EGIDs - Caitlin, Erin and Eosinophils

Long-time Foods Matter subscribers will remember reading about two-year-old Samuel and his mum, Amanda. Sam had multiple gastrointestinal, skin and behavioural problems that were finally tracked down to an eosinophilic disorder - a condition that is now becoming more widely recognised. Caitlin Walker and Erin Chappell also suffer from eosinophilic disorders - and their mums, Kelly and Nicky have set up a charity,TEDS, to help other families cope with this truly horrendous condition.

Eosinophilic Gastrointestinal Diseases (EGIDs) are caused by having too many eosinophils, a type of white blood cell, in the esophagus (Eosinophilic Esophagitis), in the stomach (Eosinophilic Gastritis), in the intestine (Eosinophilic Enteritis) and in the large intestine (Eosinophilic Colitis).

Patients with EGID, mainly children, experience a variety of symptoms, including nausea, chest pain, heartburn, food impaction, poor appetite, difficulty swallowing, abdominal pain, weight loss, regurgitation, vomiting, inadequate weight gain, and diarrhoea.

Caitlin
Caitlin could not tolerate breast or formula milk when she was born.
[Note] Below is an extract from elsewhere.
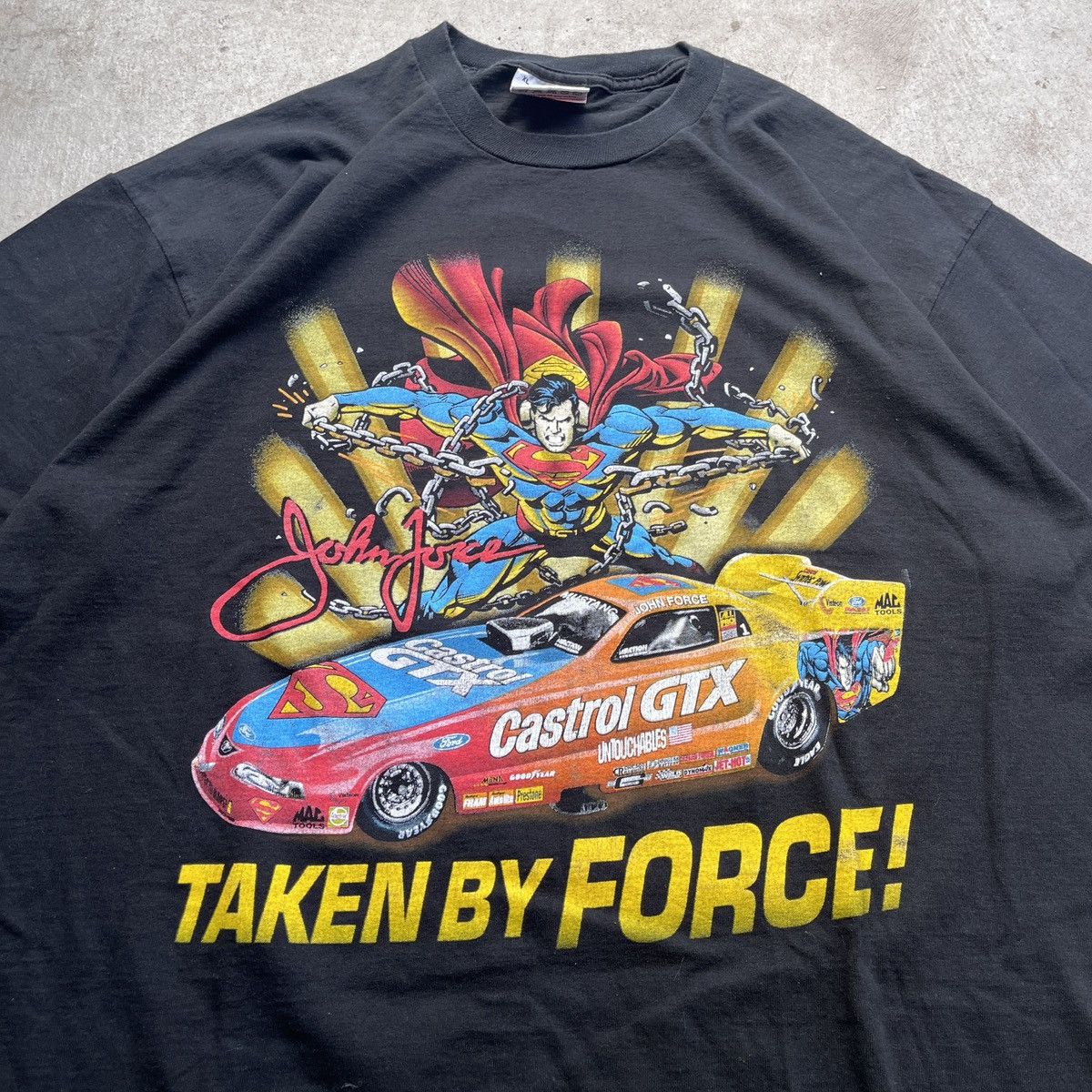 Other 1999 John Force Superman Double-Sided NASCAR Graphic T Shirt Size US XL / EU 56 / 4 - 2 Thumbnail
By six weeks she had rashes all over her face and body, terrible sickness and diarrhoea, blood in her nappy, couldn’t sleep and cried constantly.

Our GP prescribed Wysoy with Gaviscon sachets with each feed, which helped for a couple of weeks, but by the time Caitlin was 12 weeks old, we were practically living in the hospital. We were emotionally crushed seeing our beautiful baby in pain and knew that we had to do everything we could to find out what was wrong.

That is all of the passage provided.